The year was 1994. There was not a lot happening for Hip-hop in Nigeria. But there was eLDee, there was Kaboom, and there was Freestyle. The trio began the movement that was to become our county’s Hip-hop.
Lanre 'eLDee' Dabiri and the Trybesmen (also known as Da Trybe) are credited with being the ones that created the modern Nigerian hip hop music culture. The three original members, known as Eldee, Kaboom and Freestyle, first met in 1994 in Lagos. Their first album, L.A.G Style Volume 1, was released in 1999 to positive reviews. Their hits included "Trybal Marks" and "Shake Bodi."
But two years later, it made history as the first album to be legally distributed by Alaba international market.
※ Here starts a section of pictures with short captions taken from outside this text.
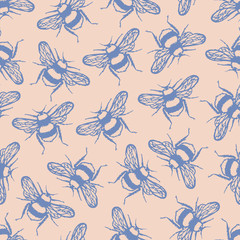 Vector seamless pattern with honey bee.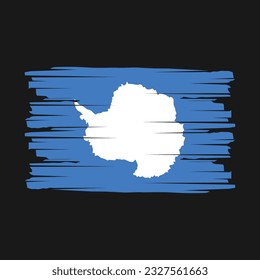 Antarctica Flag Brush Vector Illustration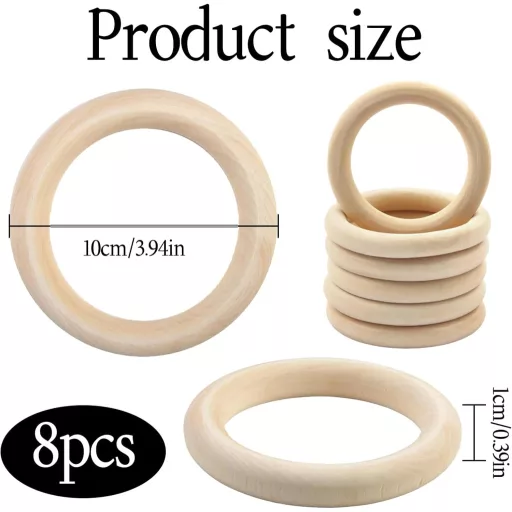 VTYTZZ 8 db Fa Gyűrű 10 cm Natúr Fa Makramé Gyűrű DIY Ékszer Karkötő Függöny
eLDee, who is popular for his revolutionary music when he owned Trybesmen Records, and his innovation with setting up a national distribution network for music, began his career in 1998. At that time, Nigeria lacked record labels with the infrastructure and skill set to fully generate value for musicians via record sales. He approached Alaba sealed a deal, and repackaged this album which was released in 1999. This was the first album ever marketed and distributed by Alaba International market.
And what about the music?
The three stars were heavily influenced by Western Hip-hop and stuck their own interpretation and mashup of it. The music which was served was mostly a lyrical exercise, with the three acts coming together and serving lyrical gems.
Thematically, braggadocio was the lyrical focus. All of them drew on the arrogant swashbuckling bragging that their US counterparts had working for them, and they delivered. Rap was their food, and they ate it with aplomb. There was a rhyme waiting for you at every turn.
From the cerebral edge of ‘No Question’, to the pop credentials of ‘Shake bodi’, they took over, spreading their wings from Lagos to Port Harcourt, pushing through on minimalist production, which relied on muscular drumkits, and sparse synths. The Latino sound experimentation paid heavy on ‘Plenty Nonsense’, although it is the relativity of the rap that pushed it into becoming a hit song.
On ‘Asiko Laye’ you find the skeleton of what has become the modern fusion of rap and Highlife. As drums and backup singers offered traditional dynamism. Artistically, this was the crown jewels of the project.
The group would later be rocked by exits and additions to the gang, with eLDee growing it to become a proper record label. But this was where it all started.
10 tracks and winning, Trybesmen released a project that was crucial in starting off the modern Nigerian music business, and it did it championing Hip-hop.